JOINT RESOLUTION NO. 9, OF FEBRUARY 22, 2024

Regulates the performance, requirements, duties, and responsibilities of the fiduciary agent in the issuance of Insurance Risk Notes through a Special Purpose Insurer.

The Superintendence of Private Insurance and the Central Bank of Brazil make public that the National Council of Private Insurance, in a session held on February 19, 2024, based on art. 32, items I and II, of Decree-Law No. 73, of November 21, 1966, and the National Monetary Council, in a session held on January 25, 2024, based on art. 4, item VIII, of Law No. 4.595, of December 31, 1964, having in view the provisions of art. 9 of Law No. 14.430, of August 3, 2022, and considering what is contained in Susep Process No. 15414.638034/2022-09,

R E S O L V E:

Art. 1. This Joint Resolution regulates the performance, requirements, duties, and responsibilities of the fiduciary agent in the issuance of Insurance Risk Notes (LRS) through a Special Purpose Insurer (SSPE).

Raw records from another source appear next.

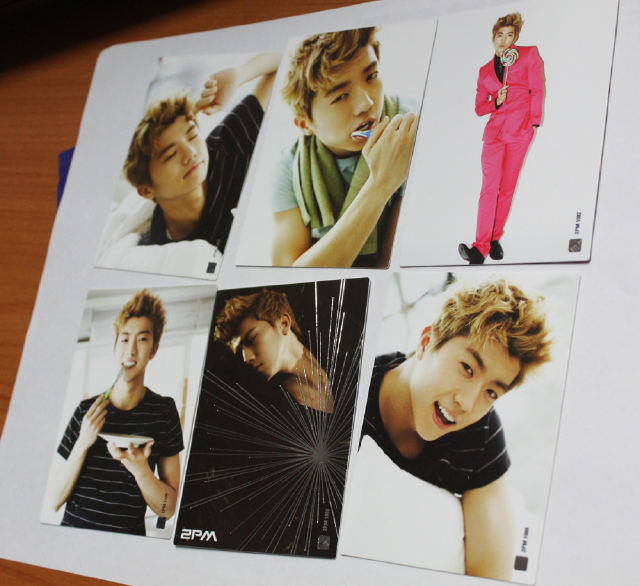 [29.06.11] 2PM Cards 2310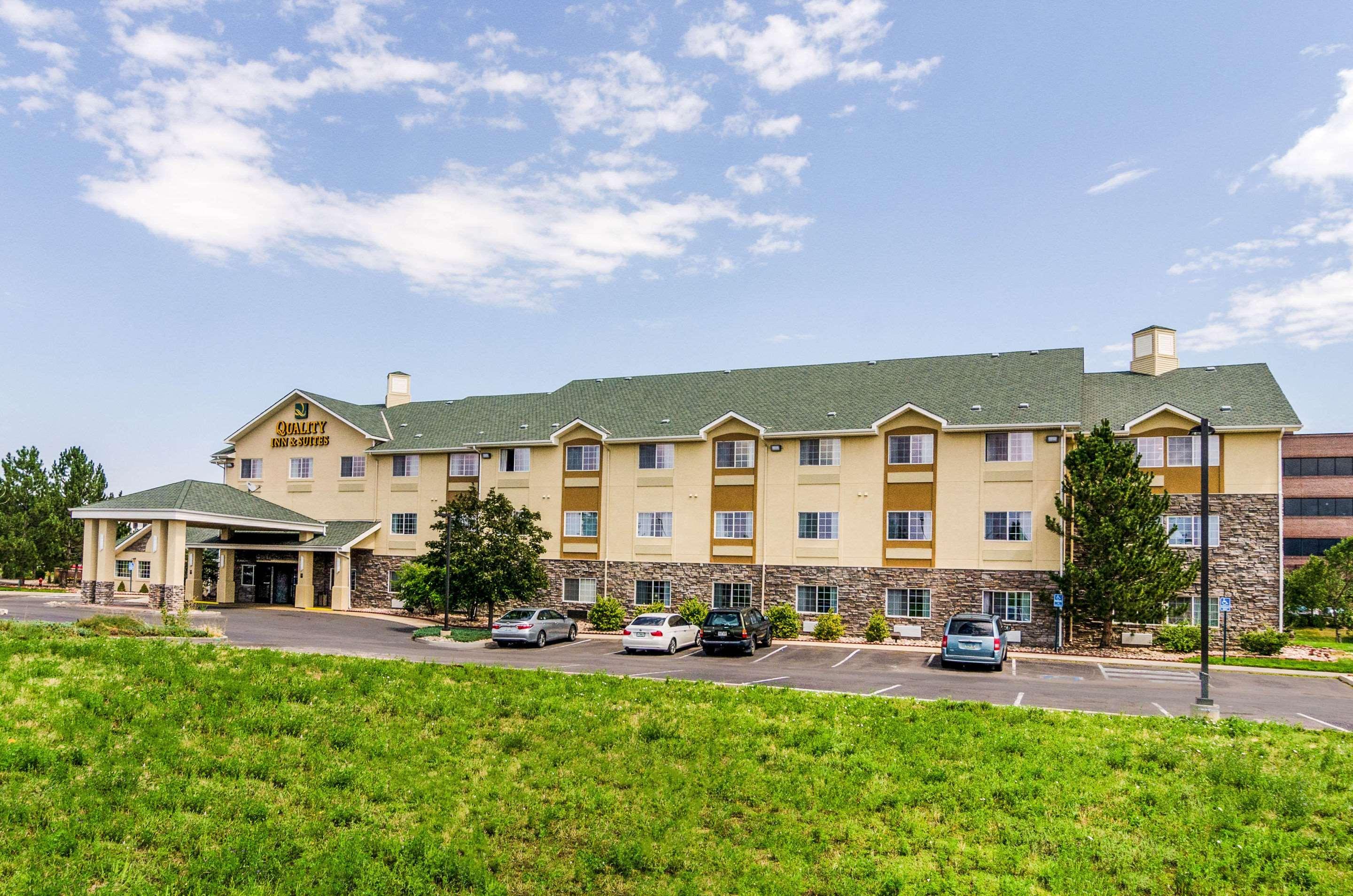 Quality Inn & Suites Westminster - Broomfield Dış mekan fotoğraf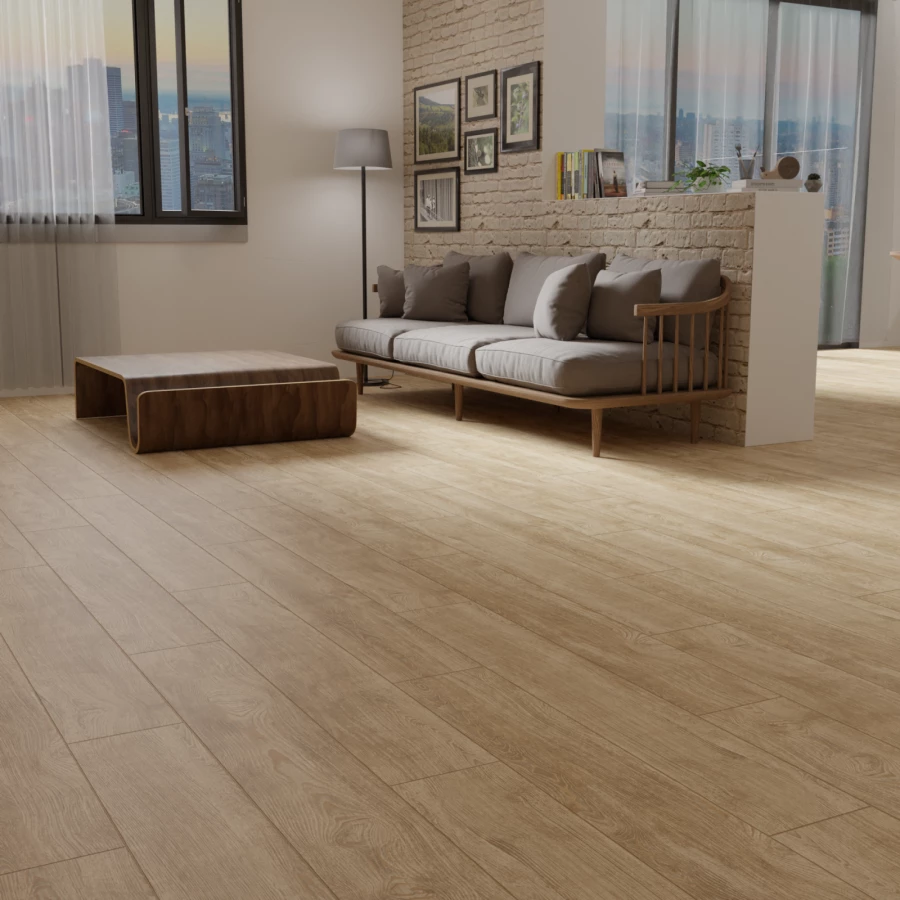 Керамогранит Absolut Gres Woodstyle Beige AB 1160W 120x20 см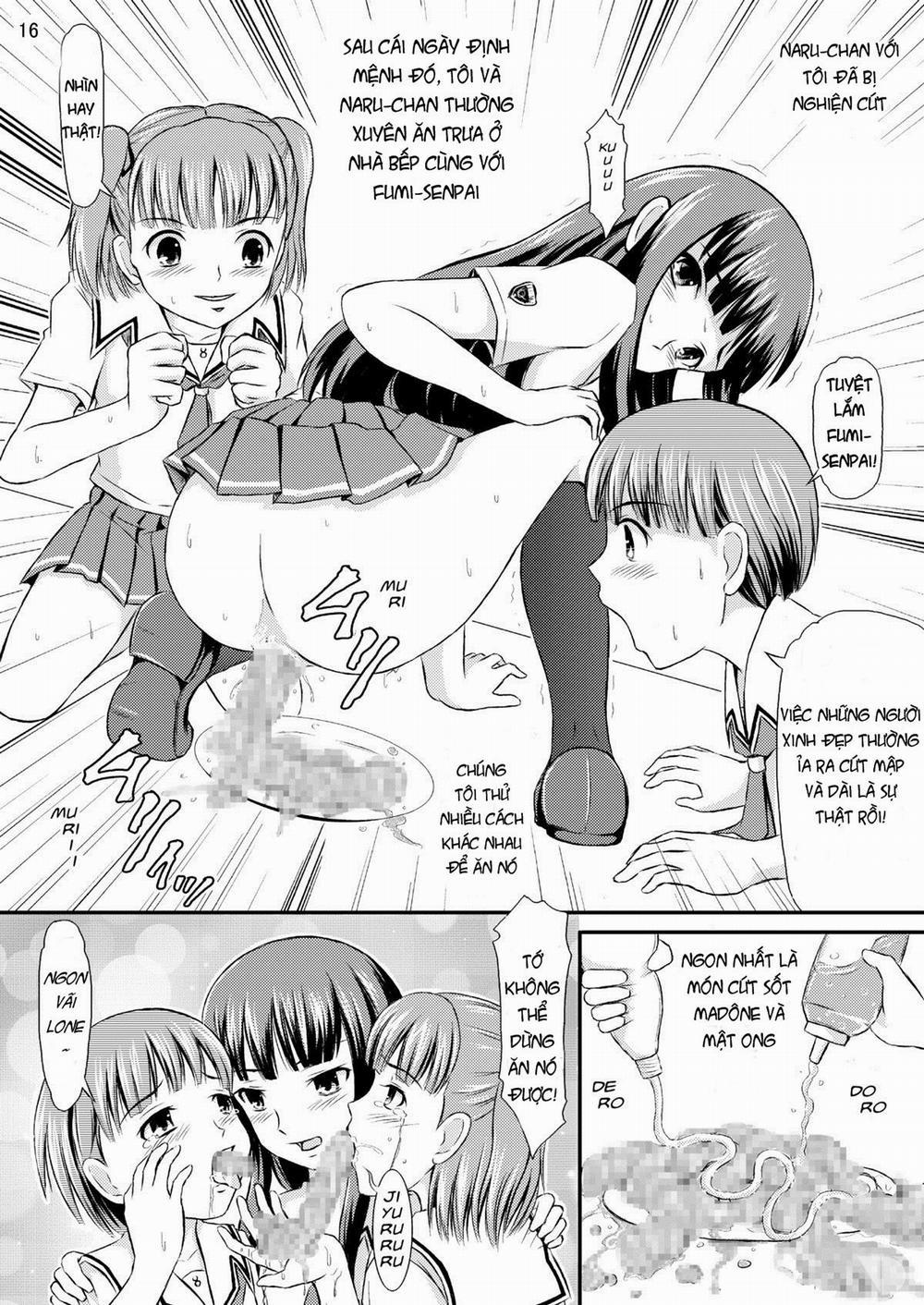 Eriko-san no Eikyuu Kikan (Kimikiss) Oneshot trang 15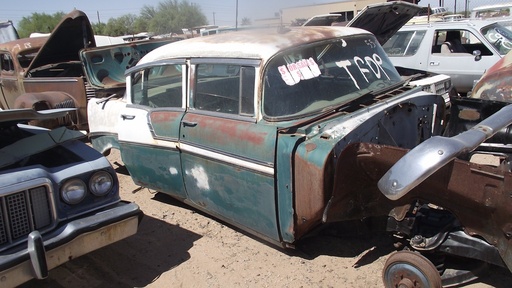 1955 Chevrolet Bel Air (#55CH8966C)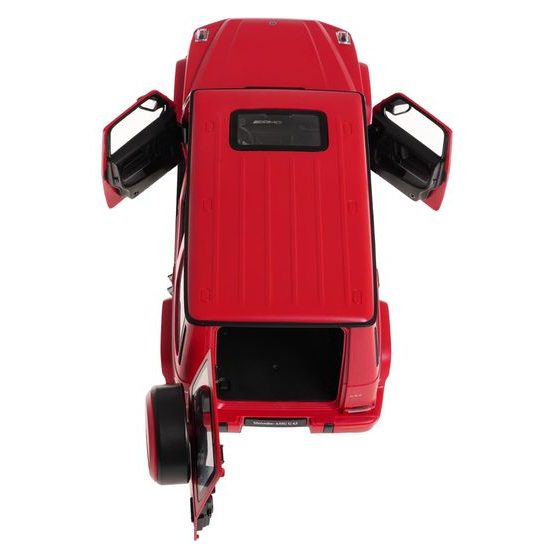 Rastar auto na dálkové ovládání Mercedes Benz G63 1:14 červené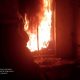 В Никополе на Электрометаллургов горела заброшенная постройка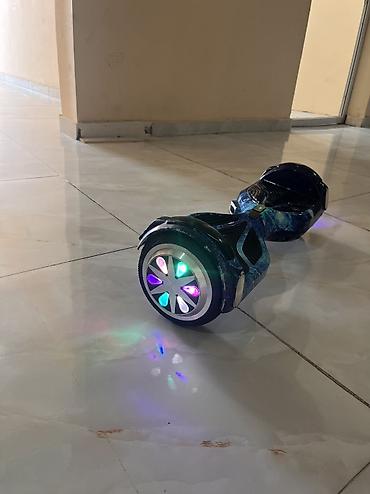 İşlənmiş Giroskuter 6.5", ≤ 250 Vt, 6 - 15 km/s, Ünvandan götürmə — 10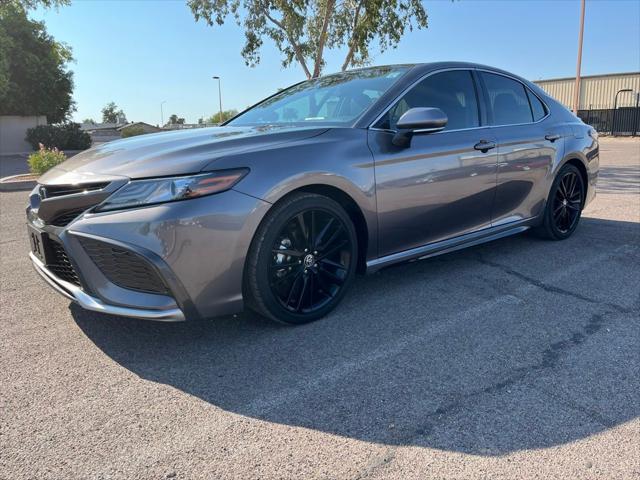 2021 toyota camry xse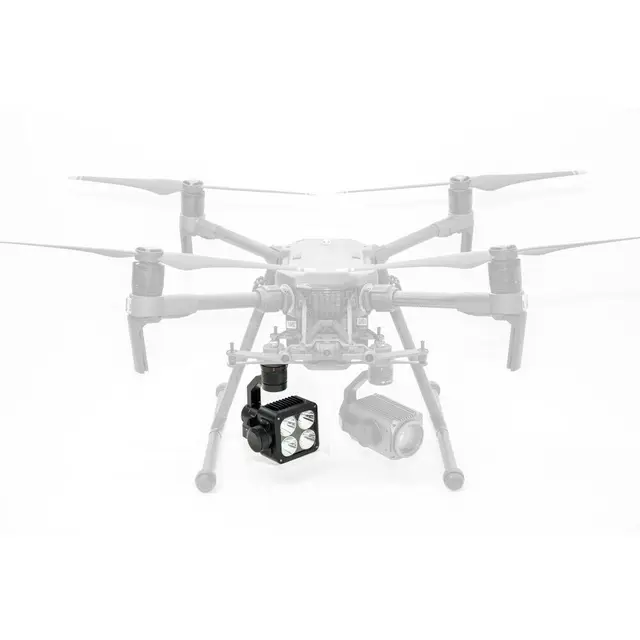 $1817  Drone Gimbal Spotlight 48W 10200lm for DJI Matrice 200 Series Head Lamp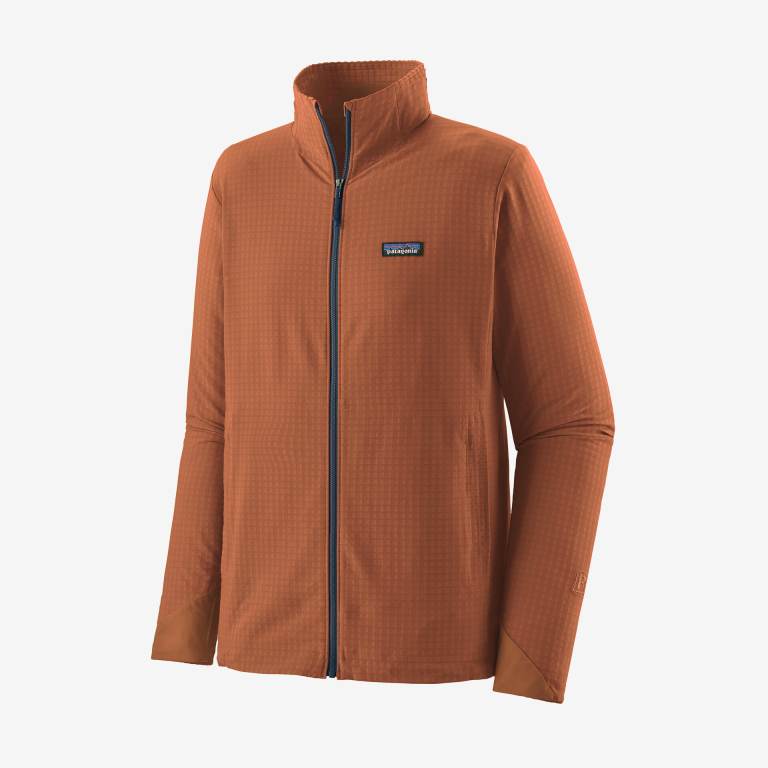 Chaquetas Patagonia R1Â® TechFace Hombre Marrom | 1Bs6Eq4Y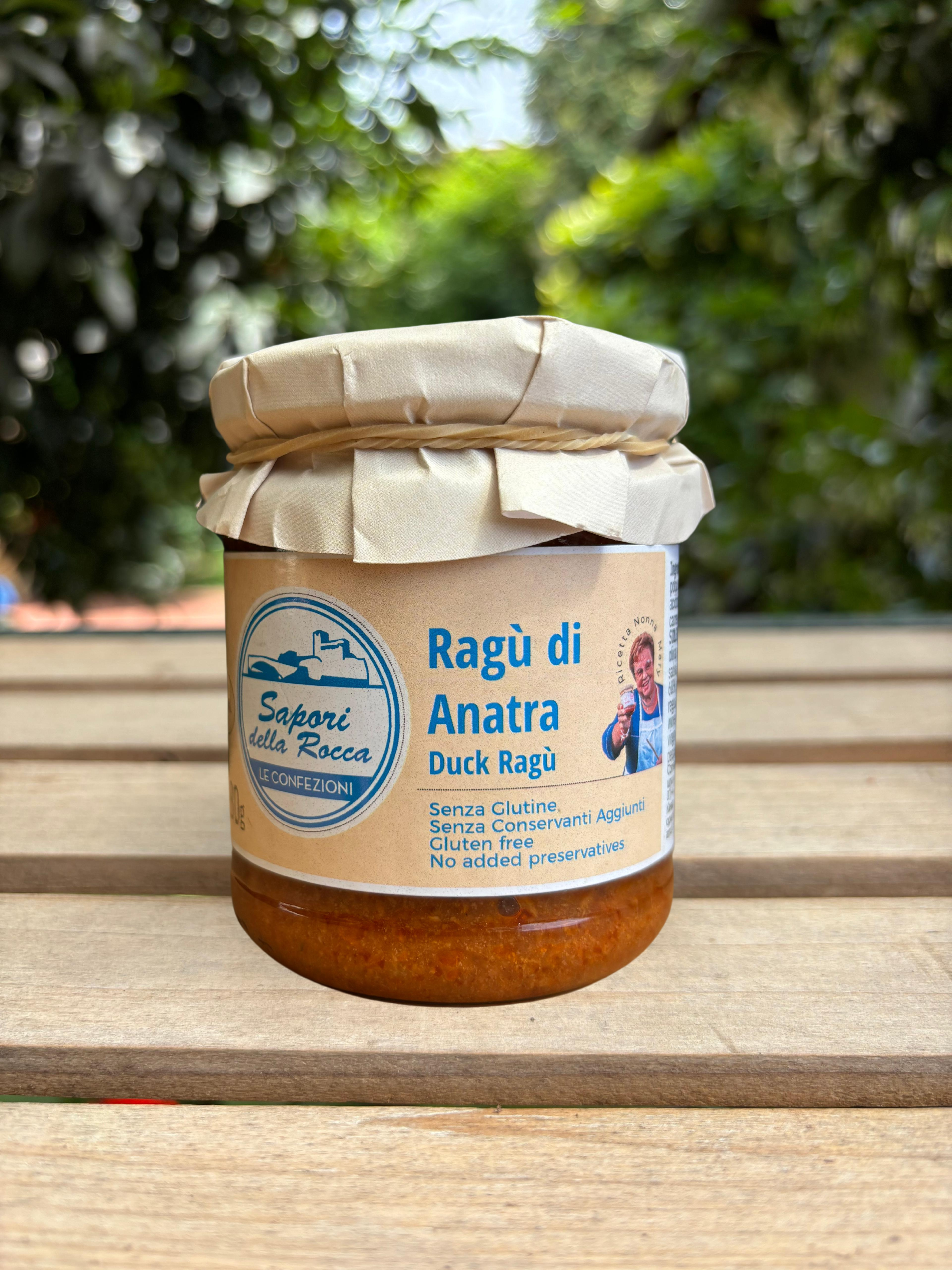 Ragù d'Anatra 180gr - Ricette di Famiglia | Sapori della Rocca
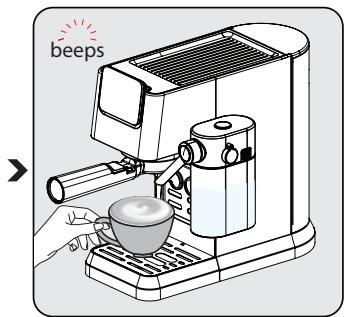 BEKO EXPRESSOCEP5304X - Vorbereitung - 3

Sole Paragraph. For the purposes of this Joint Resolution, the following shall be considered:

I - Special Purpose Insurer (SSPE): an insurance company whose exclusive purpose is to carry out one or more operations, with independent assets, of transfer of insurance, pension, supplementary health, reinsurance, or retrocession risks from one or more counterparties and their financing via the issuance of LRS, a debt instrument linked to insurance and reinsurance risks;

II - Insurance Risk Note (LRS): a nominative, transferable, and freely negotiable credit title, representing a promise of payment in money, linked to insurance and reinsurance risks;

III - insurance and reinsurance risks: insurance, pension, supplementary health, reinsurance, or retrocession risks;

IV - counterparty: the insurance company, the reinsurer, the pension entity, the supplementary health operator, or the legal entity, of public or private nature, headquartered in the country or not, that cedes insurance and reinsurance risks to the SSPE;

V - risk transfer contract: instrument entered into between the SSPE and the counterparty, with the transfer of risks from the counterparty to the SSPE;

VI - securitization operation: operation of transfer of insurance and reinsurance risks to the SSPE, which raises the necessary resources as collateral, through the issuance of LRS, with asset independence from other operations and from the SSPE itself, and with its own registration in the National Registry of Legal Entities (CNPJ);

VII - LRS premium: value paid by the counterparty to the SSPE as a result of the risk transfer contract;

VIII - securitization guarantee: resources raised by the SSPE from investor holders for each securitization operation of insurance and reinsurance risks, through the issuance of LRS, necessary to guarantee the insurance and reinsurance risks;

IX - independent operation assets: independent assets constituted for each securitization operation of insurance and reinsurance risks, affected and linked to the LRS, corresponding to the total value of the assets of each securitization operation; and

X - Maximum Risk Exposure (MRE): the total nominal value of the maximum possible loss arising from the risk transfer contract, which must be increased by any expenses that the SSPE may incur as a result of claims.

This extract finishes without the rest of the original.